What is being asked - Output the full listing below exactly; the images stay out.

Data excerpt -
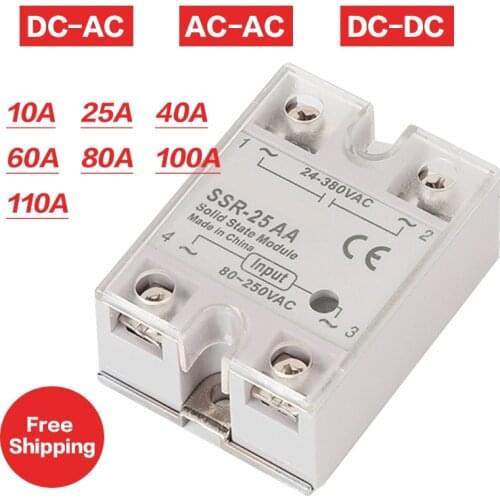 10A-110A Solid State Relay SSR-10AA 25AA 40AA SSR Single Phase JGX AC Control AC 70-280VAC To 24-480VAC 10A 25A 40A AA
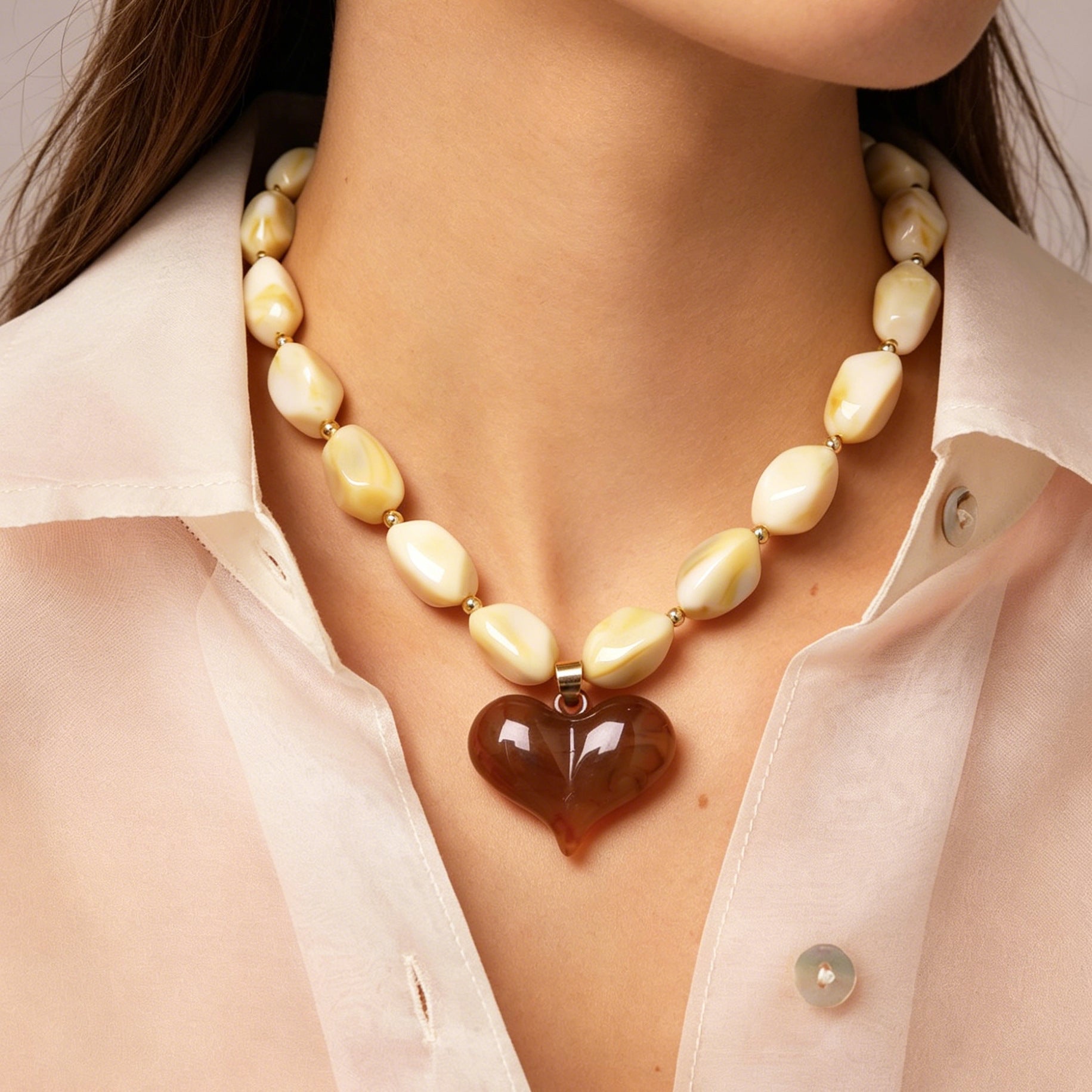 Wholesale Vacation Style Resin Heart Layered Beaded Necklace Boutique Resale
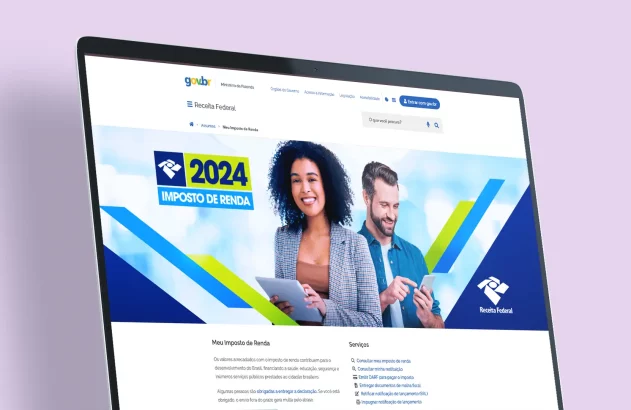 Tela de computador com a página da Receita Federal do Brasil sobre o Imposto de Renda 2024, com ícones de pessoas sorrindo e informações sobre serviços e contribuições fiscais.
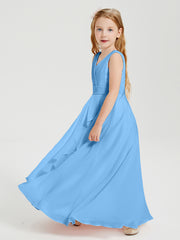 Boho Long Chiffon Bridesmaid Dresses Cascading Skirt Blue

Result for this task -
 10A-110A Solid State Relay SSR-10AA 25AA 40AA SSR Single Phase JGX AC Control AC 70-280VAC To 24-480VAC 10A 25A 40A AA
 Wholesale Vacation Style Resin Heart Layered Beaded Necklace Boutique Resale
 Tela de computador com a página da Receita Federal do Brasil sobre o Imposto de Renda 2024, com ícones de pessoas sorrindo e informações sobre serviços e contribuições fiscais.
 Boho Long Chiffon Bridesmaid Dresses Cascading Skirt Blue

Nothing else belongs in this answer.